Help in Job design

pandeesh · Post by **pandeesh** » Mon Nov 07, 2011 11:17 am

Hi,

I have 2 datasets .
The source dataset contains around 22215332.
The reference dataset contains 21532 records.
I am using the lookup stage and loading into teradata table using teradata connector stage.

Is this the correct design,Because its currently taking more than 45 mins to complete?

Is there any way to improve this?

Will Join be faster than lookup in this case?

For loading large data, will teradata enterprise stage be the good choice?

Please help me.

Thanks

ray.wurlod · Post by **ray.wurlod** » Mon Nov 07, 2011 3:12 pm

Lookup stage seems reasonable, if the smaller Data Set is the reference data and its rows are not exceedingly wide. That is, the reference Data Set can be loaded into memory.

Replace the target stage with a Peek stage temporarily, to isolate which part of the job (lookup or Teradata) is the slow part.

pandeesh · Post by **pandeesh** » Mon Nov 07, 2011 3:54 pm

I believe , reading from source data set itself takes long time.
Whatever data comes from the lookup , it's inserted immediately.
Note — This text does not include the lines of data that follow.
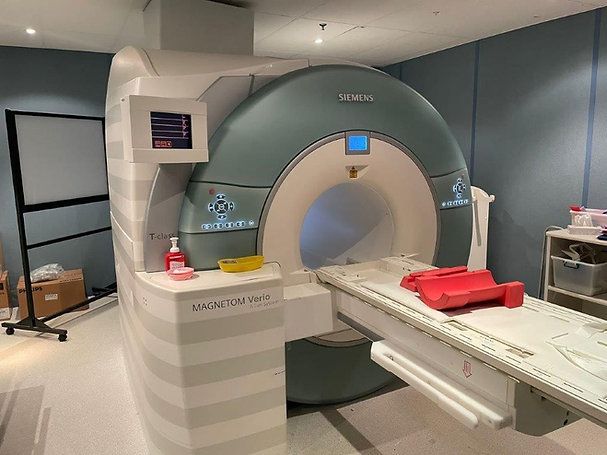 Siemens Verio 3T Wide Bore MRI scanner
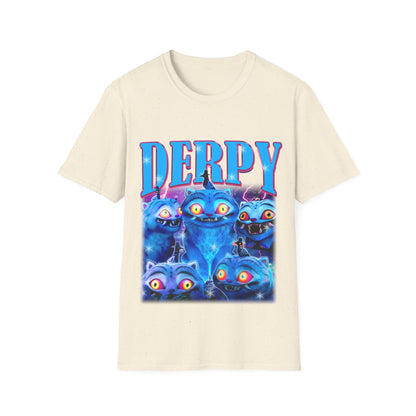 Derpy Graphic T-Shirt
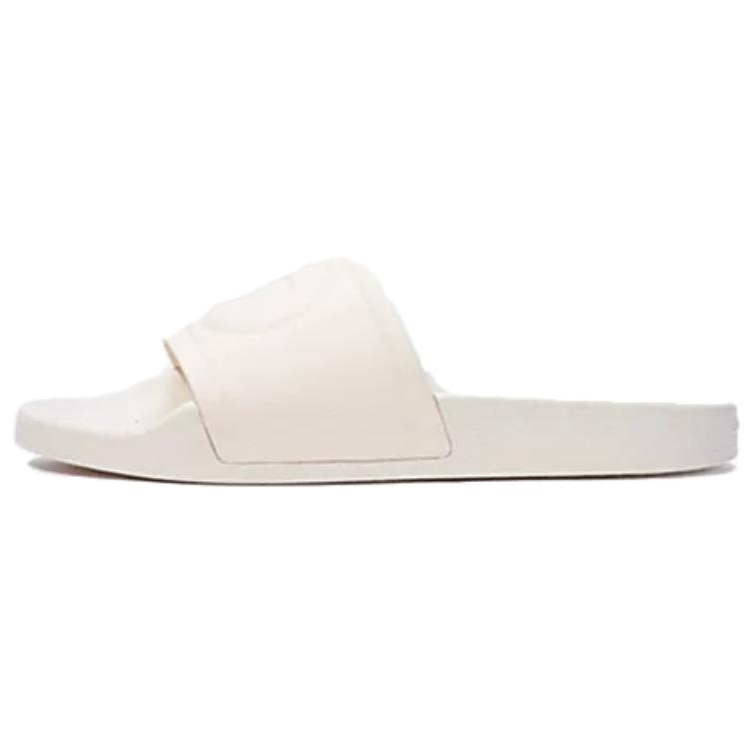 COACH COACH Slide Slippers Women's White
ray.wurlod · Post by **ray.wurlod** » Mon Nov 07, 2011 6:36 pm

Don't "believe". Check. Test.

pandeesh · Post by **pandeesh** » Mon Nov 07, 2011 10:21 pm

Yes Ray. Whatever record passed lookup stgae, it gets loaded to teradata table.
The problem is reading records from dataset.
For 22 million records in the source, how long it should take?
What's the reasonable time?

ray.wurlod · Post by **ray.wurlod** » Mon Nov 07, 2011 11:14 pm

What is the source? If it's a Data Set and there's no repartitioning, it should be very fast. On the other hand if it's a database view that's based on a correlated subquery with joins to huge tables, then it's going to be very slow.

pandeesh · Post by **pandeesh** » Mon Nov 07, 2011 11:57 pm

The source is data set .
How can I make sure whether there is any re partitioning or not ?
In the source data set stage, partitioning is set to auto.

srinivas.g · Post by **srinivas.g** » Tue Nov 08, 2011 6:33 am

While generating source dataset what partitioned you used.
Use the same partition type in your current job instead of auto.

pandeesh · Post by **pandeesh** » Tue Nov 08, 2011 6:51 am

That data set generated in the previous job.
In the previous job there are 2 data sets joined using hash partitioning and te result is written to this data set. In the target dataset stage I have used auto partition only .
But in the previous join stage i have used hash partition.
Since I have used auto in target data stage ,here also I amusing auto in the source dataset .
Should I use hash or auto partition in the current job?

Thanks

suse_dk · Post by **suse_dk** » Tue Nov 08, 2011 8:11 am

If you want to know if your job is re-partitioning then you can dump the score into the log - or check the row counts on each partition in the monitor.

The key you used for the hash partition in the previous job - is that the same key you need to use for your join in the current job?
If yes, then you most likely could avoid both a re-partition and a sort in the current job by explicit defining this in the job.

Arun Reddy · Post by **Arun Reddy** » Tue Nov 08, 2011 8:37 am

Hi pandeesh,

U said in previous job u used hash partition..after that for target dataset u use same partion it wil give best performance then auto ..and continue that dataset as a source dataset in current job u said .. i think it will work..

ray.wurlod · Post by **ray.wurlod** » Tue Nov 08, 2011 3:31 pm

If repartitioning is occurring then the job design will have a "bow tie" link marker icon on the link.

ray.wurlod · Post by **ray.wurlod** » Tue Nov 08, 2011 3:33 pm

Arun Reddy wrote:Hi pandeesh,

U said in previous job u used hash partition..after that for target dataset u use same partion it wil give best performance then auto ..and continue that dataset as a source dataset in current job u said .. i think it will work..

U is one of our posters. U has had no involvement in this thread.

The second person personal pronoun in English is spelled "you".

pandeesh · Post by **pandeesh** » Tue Nov 08, 2011 3:58 pm

This is my first job:

Code: Select all


Dataset1

               --------join------->target data set.

Dataset2

In data set 1 and data set 2 hash partition is used .
But in the target data set I have used auto partition.
In the second job I am using this target data set as source.
There also I have used auto partition.
In this way it works fine.
When I tried to change the partition to hash in the target data set in the first job, the first Jon works fine.
In the second job also I have used hash partitioning in the source data set.
But the second job got failed due to lookup failure.
Second job design:

Code: Select all



Source Data set -------->lkp stage------>teradata connector
                                   /
                                 /

                             /
        Reference data set

Any thoughts on this?